And because Ben’s a reading and writing kind of guy, it didn’t surprise me that reading cookbooks would lead him to write out recipes, but now he’s also starting to invent his own. He didn’t get very innovative with his recipes for guacamole or roasted potatoes (both of which he made for the extended family over Thanksgiving), but the other day he wrote out a recipe for bread that he’s been begging me to help him make.

I was torn. On the one hand, I want to encourage his kitchen adventures. On the other, it just didn’t look like a recipe that would turn out very well. I didn’t want him to be disappointed, and I didn’t want to waste food. So we sat down and compared his recipe to a similar one from his cookbook, we talked about the chemistry of baking, and we talked about not wasting food. He took it all in very seriously, but was ultimately not swayed. He wanted to bake his bread recipe, as written. So we did, and I’m happy to report, it turned out just fine — a nice, wheaty soda bread.

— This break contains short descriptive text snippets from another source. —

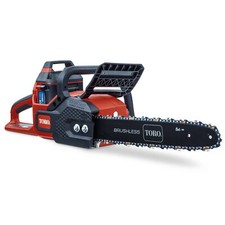 Flex force 60v for sale  Lincoln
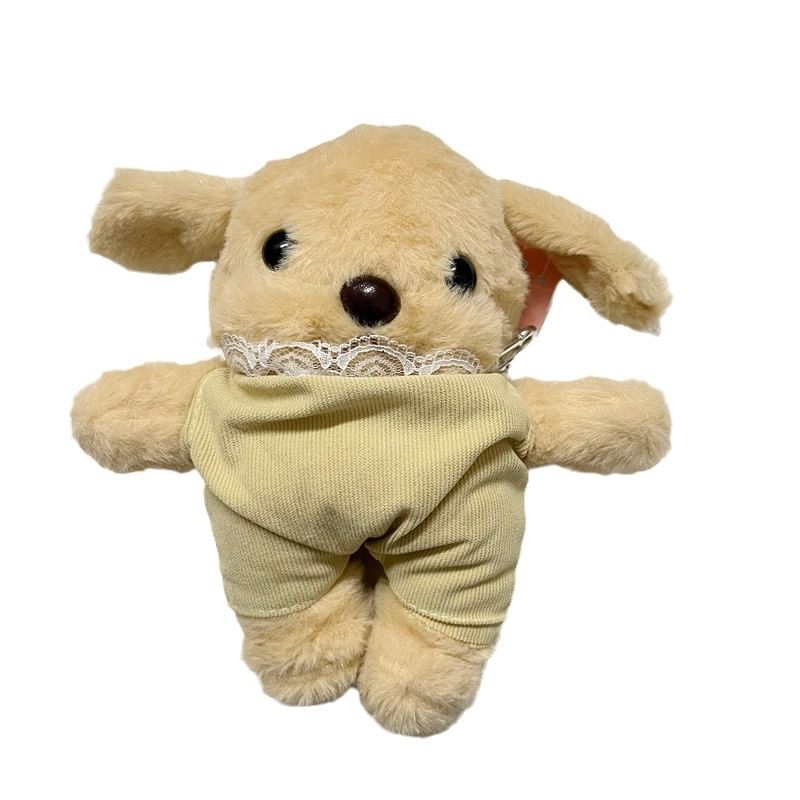 Chenille AirPods / Pro Earphone Case Skin (Various Designs)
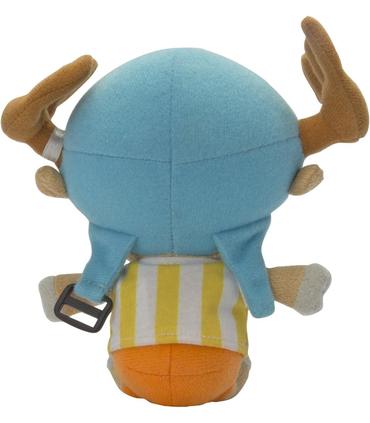 one-piece-peluche-chopper-new-world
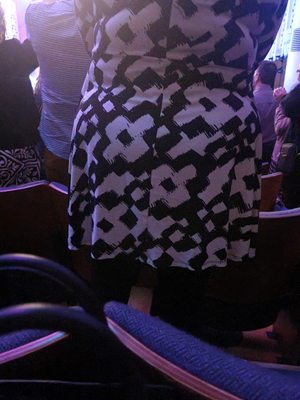 Royal Liverpool Philharmonic by null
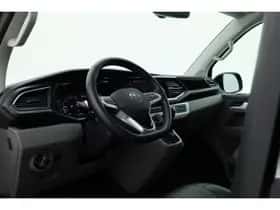 Volkswagen Transporter (2024) thumbnail 6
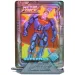 DC Comics: Metal Force Superman action figure da 30 cm - Spin Master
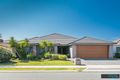 Property photo of 14 Lavender Chase Darch WA 6065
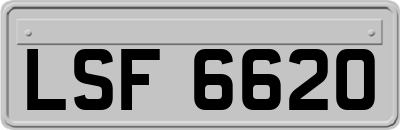 LSF6620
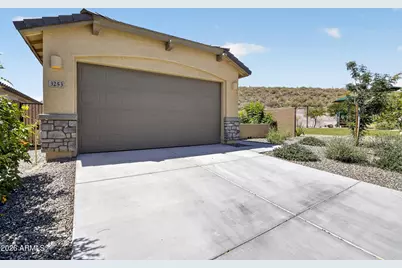 3253 W Juniper Canyon Drive, Phoenix, AZ 85083 - Photo 1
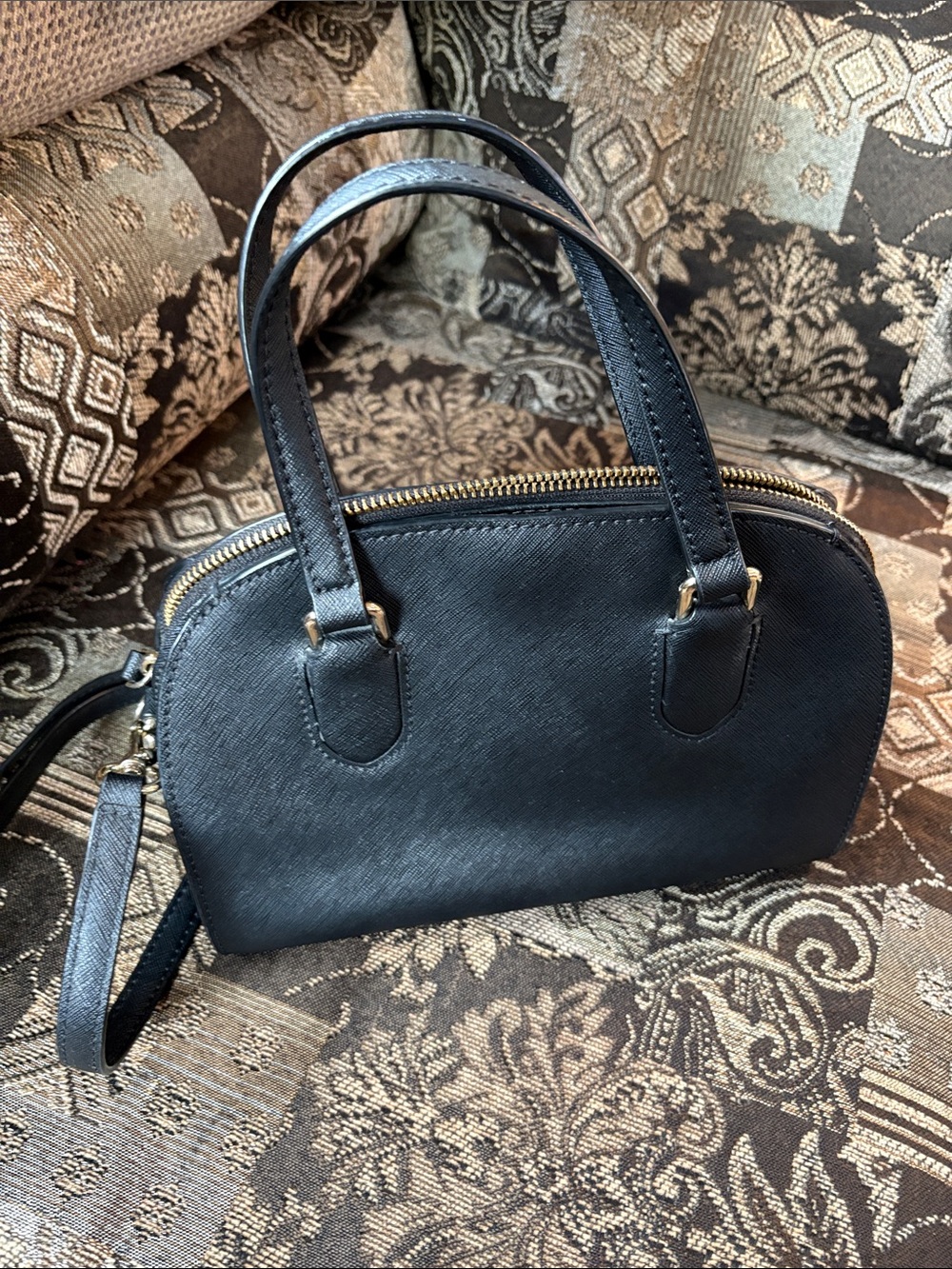 KATE SPADE tote - Picture 3 of 3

So here’s the recipe, exactly as Ben wrote it, with my comments in brackets.

Whole-Wheat Bread

You’ll Need
¾ c + ½ c whole-wheat flour
½ c warm water
1/3 c cornmeal
1 package (1/4 ounce) dry yeast [not really doing anything in the recipe, so you could cut it]
3 tablespoons + ½ teaspoon granulated sugar
½ teaspoon salt
1 ½ teaspoons baking soda
2 tablespoons + ¼ teaspoons wheat germ
¼ teaspoon baking powder
2 sticks (1 cup) unsalted butter [I talked Ben down from a full cup of butter, so we used 1/2 cup, melted]

Equipment
Measuring cups & spoons
Bread pan
Cooling rack

Preheat oven to 375 F.
Measure the flour, cornmeal & butter into the bread pan
Add the yeast and salt
Now add the water, sugar, baking soda & baking powder
Add the wheat germ
Bake up to ½ hour [it took exactly half an hour. This surprised me almost more than how good the bread tasted]

Note: This bread will taste good with some raspberry jam (page 77) [a reference to the jam recipe still to come in his hypothetical cookbook]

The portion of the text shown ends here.